» Activity:
Search the records below for the word "Picture". Copy each line where it occurs.

» Input:
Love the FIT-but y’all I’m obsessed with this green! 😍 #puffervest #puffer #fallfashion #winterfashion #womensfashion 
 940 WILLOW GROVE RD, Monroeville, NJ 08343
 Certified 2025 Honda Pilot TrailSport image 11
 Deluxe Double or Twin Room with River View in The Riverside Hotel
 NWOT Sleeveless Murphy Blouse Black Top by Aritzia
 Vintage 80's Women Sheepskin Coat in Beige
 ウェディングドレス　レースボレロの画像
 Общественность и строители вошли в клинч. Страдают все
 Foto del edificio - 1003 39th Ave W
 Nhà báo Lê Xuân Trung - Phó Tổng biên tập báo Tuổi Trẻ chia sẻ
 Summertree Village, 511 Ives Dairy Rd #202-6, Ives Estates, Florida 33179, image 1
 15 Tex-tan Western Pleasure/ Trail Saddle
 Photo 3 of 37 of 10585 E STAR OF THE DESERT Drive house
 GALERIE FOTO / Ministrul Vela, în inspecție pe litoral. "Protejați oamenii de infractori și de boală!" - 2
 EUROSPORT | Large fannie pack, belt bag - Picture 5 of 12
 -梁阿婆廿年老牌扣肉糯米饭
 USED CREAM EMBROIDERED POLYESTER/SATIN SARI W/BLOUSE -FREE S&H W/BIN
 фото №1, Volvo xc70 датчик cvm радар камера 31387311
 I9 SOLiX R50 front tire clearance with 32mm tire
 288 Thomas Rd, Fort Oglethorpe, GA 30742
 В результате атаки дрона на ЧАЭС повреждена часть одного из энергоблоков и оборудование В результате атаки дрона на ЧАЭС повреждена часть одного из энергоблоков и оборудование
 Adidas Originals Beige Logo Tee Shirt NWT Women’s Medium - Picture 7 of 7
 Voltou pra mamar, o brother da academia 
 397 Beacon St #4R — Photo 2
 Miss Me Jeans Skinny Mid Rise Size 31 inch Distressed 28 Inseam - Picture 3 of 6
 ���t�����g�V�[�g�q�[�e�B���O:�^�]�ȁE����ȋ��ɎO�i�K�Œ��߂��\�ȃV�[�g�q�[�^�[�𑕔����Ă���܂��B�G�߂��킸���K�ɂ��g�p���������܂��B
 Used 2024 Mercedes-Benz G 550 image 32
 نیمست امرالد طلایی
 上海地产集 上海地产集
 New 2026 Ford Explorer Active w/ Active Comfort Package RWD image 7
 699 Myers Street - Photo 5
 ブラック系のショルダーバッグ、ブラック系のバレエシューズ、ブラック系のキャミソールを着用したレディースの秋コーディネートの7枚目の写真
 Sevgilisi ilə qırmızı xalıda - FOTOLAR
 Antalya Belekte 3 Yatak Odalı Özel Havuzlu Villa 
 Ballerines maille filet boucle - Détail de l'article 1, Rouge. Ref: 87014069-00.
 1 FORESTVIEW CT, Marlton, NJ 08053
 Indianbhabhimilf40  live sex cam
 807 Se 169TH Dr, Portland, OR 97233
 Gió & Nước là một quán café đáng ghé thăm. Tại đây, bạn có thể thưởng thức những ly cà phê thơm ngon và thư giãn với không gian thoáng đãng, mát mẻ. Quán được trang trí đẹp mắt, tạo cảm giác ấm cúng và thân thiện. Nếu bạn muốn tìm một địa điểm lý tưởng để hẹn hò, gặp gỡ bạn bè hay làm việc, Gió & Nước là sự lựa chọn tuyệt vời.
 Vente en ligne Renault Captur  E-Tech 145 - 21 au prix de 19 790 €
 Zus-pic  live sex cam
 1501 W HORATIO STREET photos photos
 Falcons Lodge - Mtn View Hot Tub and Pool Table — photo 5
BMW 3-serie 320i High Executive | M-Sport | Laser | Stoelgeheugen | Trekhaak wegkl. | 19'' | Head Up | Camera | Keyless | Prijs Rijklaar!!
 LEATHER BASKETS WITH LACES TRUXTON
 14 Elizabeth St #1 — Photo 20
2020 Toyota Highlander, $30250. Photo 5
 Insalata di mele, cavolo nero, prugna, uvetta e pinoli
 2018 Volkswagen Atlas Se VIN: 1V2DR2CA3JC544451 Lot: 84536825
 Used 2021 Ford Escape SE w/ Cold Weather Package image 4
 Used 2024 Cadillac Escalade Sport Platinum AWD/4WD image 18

» Answer box:
 EUROSPORT | Large fannie pack, belt bag - Picture 5 of 12
 Adidas Originals Beige Logo Tee Shirt NWT Women’s Medium - Picture 7 of 7
 Miss Me Jeans Skinny Mid Rise Size 31 inch Distressed 28 Inseam - Picture 3 of 6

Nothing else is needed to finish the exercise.